The Kepler space telescope has discovered its 1000th exoplanet, including one that’s been described as the most Earth-like to date. Meanwhile astronomers have confirmed the theory that the speed at which a star spins shows its age.

Nasa announced this week that Kepler has discovered another eight exoplanets (a planet from outside our solar system), taking its all time total to 1,004. That’s more than all other space telescopes put together.

Of the new batch, three have qualified for NASA’s Kepler Hall of Fame for being “Earth-like”, bringing the total to five.
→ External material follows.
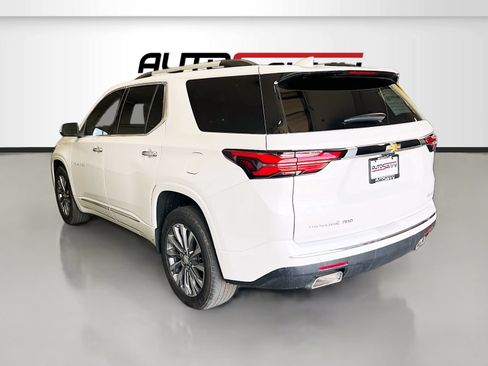 Used 2022 Chevrolet Traverse Premier AWD/4WD image 5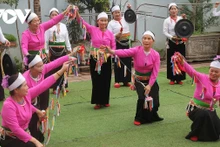 Les gongs de Mường ont un attrait particulier, un fil culturel invisible reliant les valeurs des Muong. Photo : VOV.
To qualify for this category, an exoplanet must be less than twice the size of Earth and be in the habitable zone, meaning it’s within the range of distance from its sun where liquid water could theoretically exist.
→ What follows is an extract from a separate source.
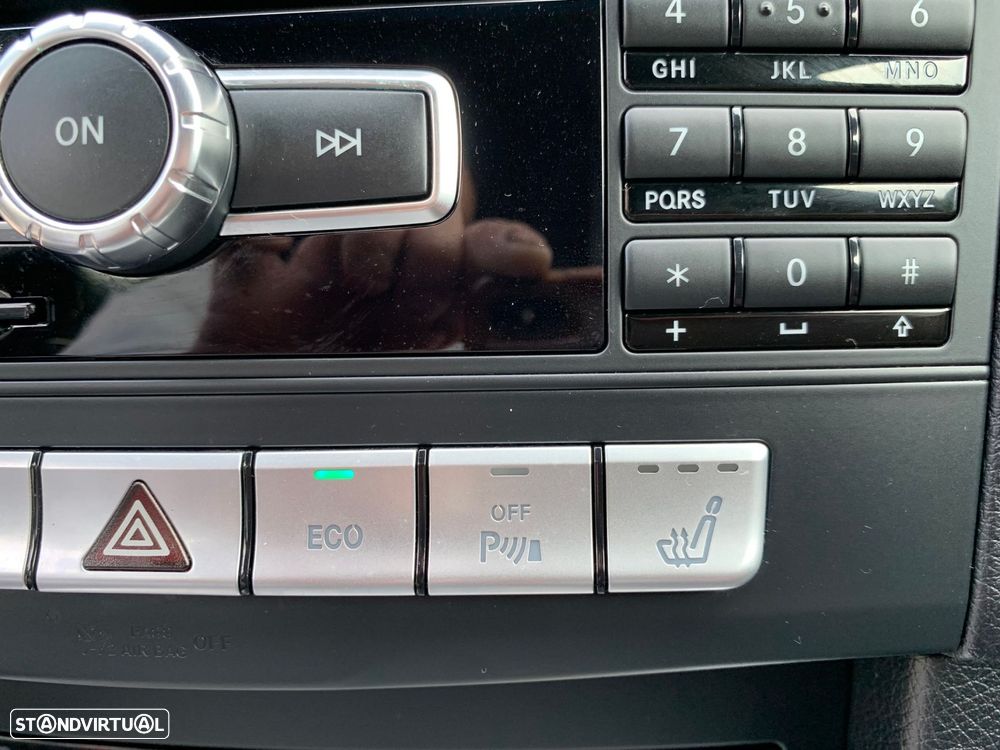 Mercedes-Benz E 220 BlueTEC Avantgarde Auto. - 32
Based on the observed diameter and mass, NASA infers that two of these new Earth-like planets are made of rock. One of them, Kepler 438b, appears to be a closer match for Earth when compared to the previous “best twin” Kepler 186f.

While 186f is very similar in size to Earth and 438b is 12 percent bigger, 438b is a much closer match for temperature, receiving around 40 percent more heat (from its sun) than Earth does.
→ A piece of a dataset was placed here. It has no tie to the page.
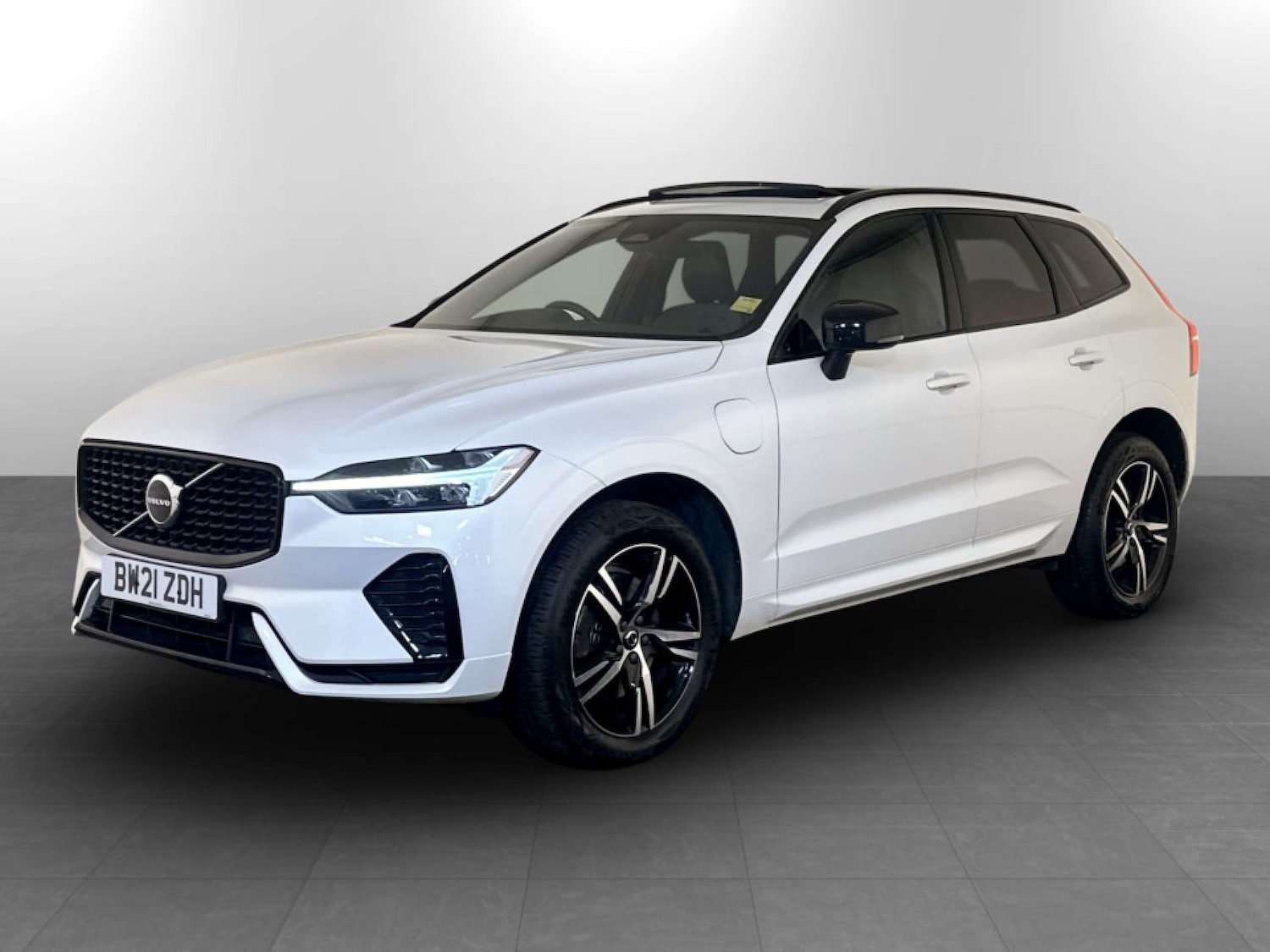 Used Volvo XC60 2021 for sale - 77185988: Photo 6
There’s certainly room for even closer matches however. All eight of the “Earth-like” exoplanets discovered to date orbit suns considerably smaller than our own.

Meanwhile a study published in Nature shows astronomers can be confident about a method used to estimate the age of a star. That’s always been tricky as many of a stars properties, such as brightness, mass, size and temperature, tend to vary very little during its life (with the spectacular exception of its birth and death.)

For several decades, astronomers have pondered the theory that cool stars (those of a similar size to our Sun and smaller) spin at a decreasing speed as they age, a pattern likened to the movement of a spinning top.

The astronomers tested this theory using data from Kepler, which proved useful in two ways:

  • the high quality of images from Kepler make it easier to see and track sunspots, which are the only practical way to measure how long a star takes to spin; and
  • Kepler’s data covers stars known to be of a wider range of ages than previous studies.

The research shows that using a star’s spin speed is enough to accurately infer its age within 10 percent of the true figure.